Em “Disney Killer”, as interpretações são realistas (ou seja, não desfocadas), assim como cenário e figurinos, embora, numa análise desses últimos elementos, seja possível encontrar outras felizes referências. Ribeiro (Presley) e Samantha Dalsoglio (Haley) mantém uma retórica que beira ao choro infantil, chegando, em alguns momentos, ao melodrama entediante, porque não cômico. Felipe Folgosi (Cosmo), porque seu personagem dá movimento para o texto de Ridley, oferece menos tédio, usufruindo de mais possibilidades que lhe favorecem: os gestos pontuais, a dicção perfeita, a movimentação segura. Alexandre Tigano (Pitchfork), em sua minúscula participação, oferece movimentos bruscos e desajeitados que, fosse a concepção da montagem mais próxima do expressionismo, seriam bastante positivos se não estivessem sufocados por construções que, infelizmente, tanto tentam estar próximas do real além da narrativa. O resultado do trabalho de interpretação é confuso, estranho e, aí sim, difícil e complicado. O texto escrito não lhes cabe nem na boca, nem no corpo, resultando uma experiência fruitiva bastante controversa.
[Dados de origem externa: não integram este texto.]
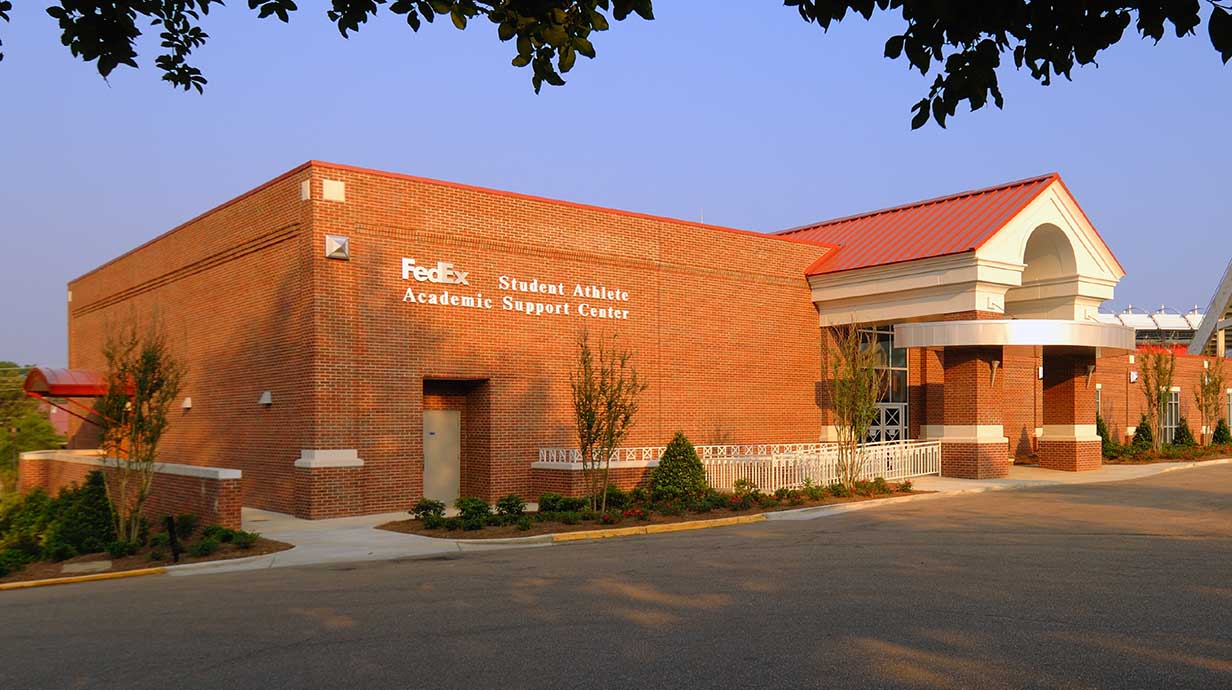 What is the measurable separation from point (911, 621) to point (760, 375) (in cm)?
1887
Claudio Hanczyc se aproxima do realismo quando constrói uma casa com geladeira, mesa e sofás, xícara com pires, armário com gavetas, tapete e poltronas confortáveis, mas acerta, rebelde à concepção equivocada, nas cortinas sem janelas. Os figurinos de Cássio Brasil são realistas quando vemos ternos bem costurados e limpos, mas fazem sentido quando encontramos pijamas muito mais longos que as estaturas de Presley e Haley. A trilha sonora de Dráuzio é explicativa, estando a última canção o seu pior momento. Assinada por Guilherme Bonfanti, a iluminação ilumina o que tem que iluminar, negativamente comportada.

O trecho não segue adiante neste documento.